--- Exercise brief ---
Write out exactly the lines that run from the one containing "used 2019 Acura ILX car, priced at $18,000" to the end of the entries below, with both end lines included.

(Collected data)
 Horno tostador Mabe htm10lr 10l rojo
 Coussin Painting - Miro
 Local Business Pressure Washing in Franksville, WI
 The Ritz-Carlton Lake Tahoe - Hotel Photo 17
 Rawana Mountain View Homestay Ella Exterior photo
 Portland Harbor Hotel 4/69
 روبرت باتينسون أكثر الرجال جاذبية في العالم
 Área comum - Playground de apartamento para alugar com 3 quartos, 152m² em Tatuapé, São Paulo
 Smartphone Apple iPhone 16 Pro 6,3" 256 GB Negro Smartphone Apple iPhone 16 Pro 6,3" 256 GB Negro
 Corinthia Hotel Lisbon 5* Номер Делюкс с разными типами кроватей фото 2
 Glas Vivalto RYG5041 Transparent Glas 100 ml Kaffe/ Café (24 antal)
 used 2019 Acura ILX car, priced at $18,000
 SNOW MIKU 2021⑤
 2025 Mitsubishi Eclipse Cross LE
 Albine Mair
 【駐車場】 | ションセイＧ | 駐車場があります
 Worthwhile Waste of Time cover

--- Answer to the exercise ---
 used 2019 Acura ILX car, priced at $18,000
 SNOW MIKU 2021⑤
 2025 Mitsubishi Eclipse Cross LE
 Albine Mair
 【駐車場】 | ションセイＧ | 駐車場があります
 Worthwhile Waste of Time cover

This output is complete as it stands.